I felt the change like fire in that cold and lifeless world, burning me away. Step after step fought with me, the insurmountable height quietly scorning my struggle. But the heat was there, impossibly intense. As I rose, every new level brought with it an interminable doubling of that unreal fire. Still, there was before me just one more step, and I could always take it. Step upon step, I rose. The cut of the stones grew sharper as I went, cleaner, fresher. It was as if time itself had been unable to climb very high, and contented itself by eating away at the base of the pyramid.

Then I tasted it, the air, the fresh air, like a cold river passing over my burning body. It was not the wind of a desert! I smelt life in that air, I smelt spring and the glory of budding flowers. I turned my head from the steps to look over my shoulder. The world had changed. Gone was the destruction, the wasteland. A great field of green spread out around the pyramid, and beyond this, trees of a deep red wood. Roads, bridges, cities, were in the distance.

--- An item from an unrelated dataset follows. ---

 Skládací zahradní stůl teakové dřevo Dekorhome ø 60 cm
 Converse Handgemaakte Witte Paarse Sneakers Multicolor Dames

I turned my head, not back to the steps, but up to the very highest goal. What were these creatures waiting for me? I could not tell you. They were priests, and yet they were truly the father of me, body and soul. Were they not my mother, her arms outstretched? I’d known them though I had not known them. They called to me, “We have been waiting for you.” How had I missed them! I had my whole life from birth longed for them. I would climb the pyramid, and this time I would not fall back to sleep.